◆ Data provided ◆
# # #

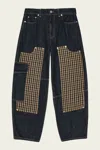 Ganni Wide-leg Organic Cotton Pants With Checkered Patch Pockets In Black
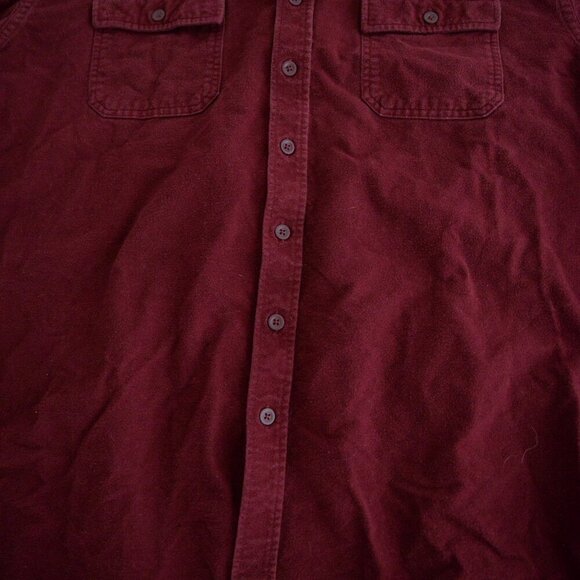 Vintage L.L. Bean Maroon Heavyweight Thick Cotton Button Up Outdoor Shirt 2XLT - Picture 5 of 10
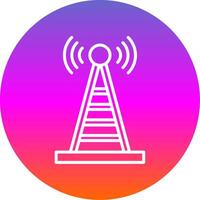 Radio Tower Line Gradient Circle Icon vector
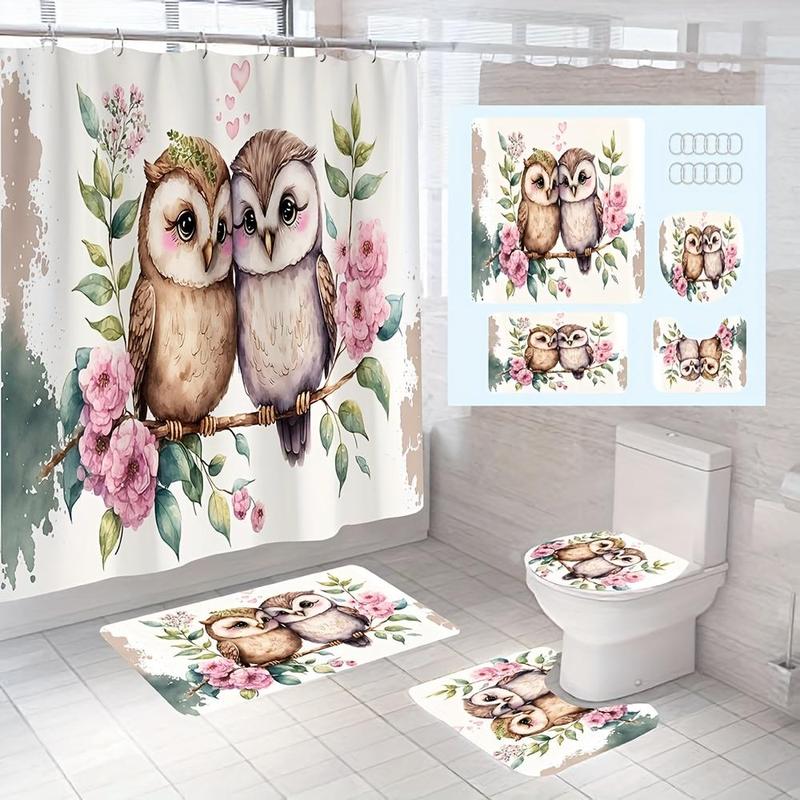 Bathroom Accessories, 4 Counts Cute Couple Owl Pattern Non-slip Bath Mat & U-shaped Commode Contour Rug & Toilet Lid Mat & Shower Curtain with 12 Hooks, Bathroom Decor Set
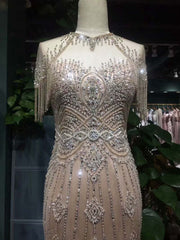 Luxurious Crystal Beaded Sweetheart Prom Dress  with Short Sleeves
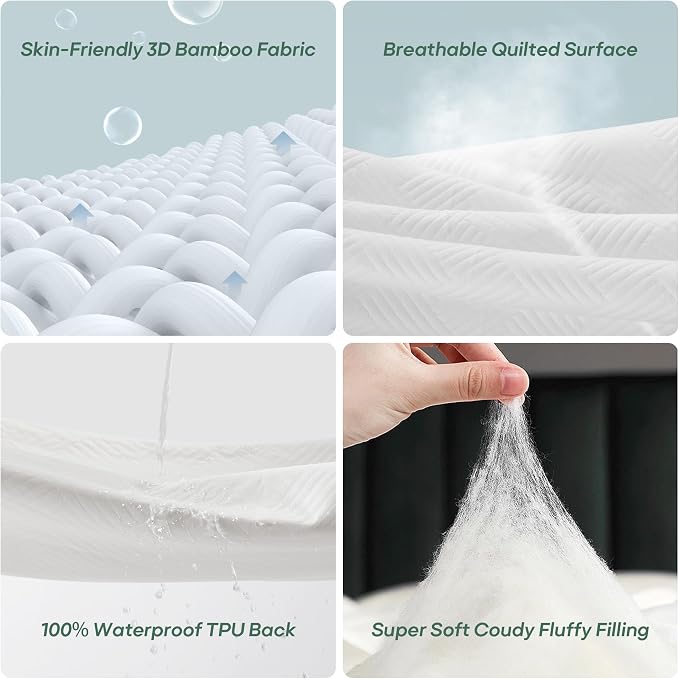 Cozymaker King Size 100% Waterproof Mattress Protector, White | Fitted 8"-21" Deep Pocket, 3D Air Viscose from Bamboo Fabric, Soft Breathable Cooling Mattress Pad Cover Noiseless Washable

# # #

Please transcribe all of the records above exactly, leaving out any pictures.

 Ganni Wide-leg Organic Cotton Pants With Checkered Patch Pockets In Black
 Vintage L.L. Bean Maroon Heavyweight Thick Cotton Button Up Outdoor Shirt 2XLT - Picture 5 of 10
 Radio Tower Line Gradient Circle Icon vector
 Bathroom Accessories, 4 Counts Cute Couple Owl Pattern Non-slip Bath Mat & U-shaped Commode Contour Rug & Toilet Lid Mat & Shower Curtain with 12 Hooks, Bathroom Decor Set
 Luxurious Crystal Beaded Sweetheart Prom Dress  with Short Sleeves
 Cozymaker King Size 100% Waterproof Mattress Protector, White | Fitted 8"-21" Deep Pocket, 3D Air Viscose from Bamboo Fabric, Soft Breathable Cooling Mattress Pad Cover Noiseless Washable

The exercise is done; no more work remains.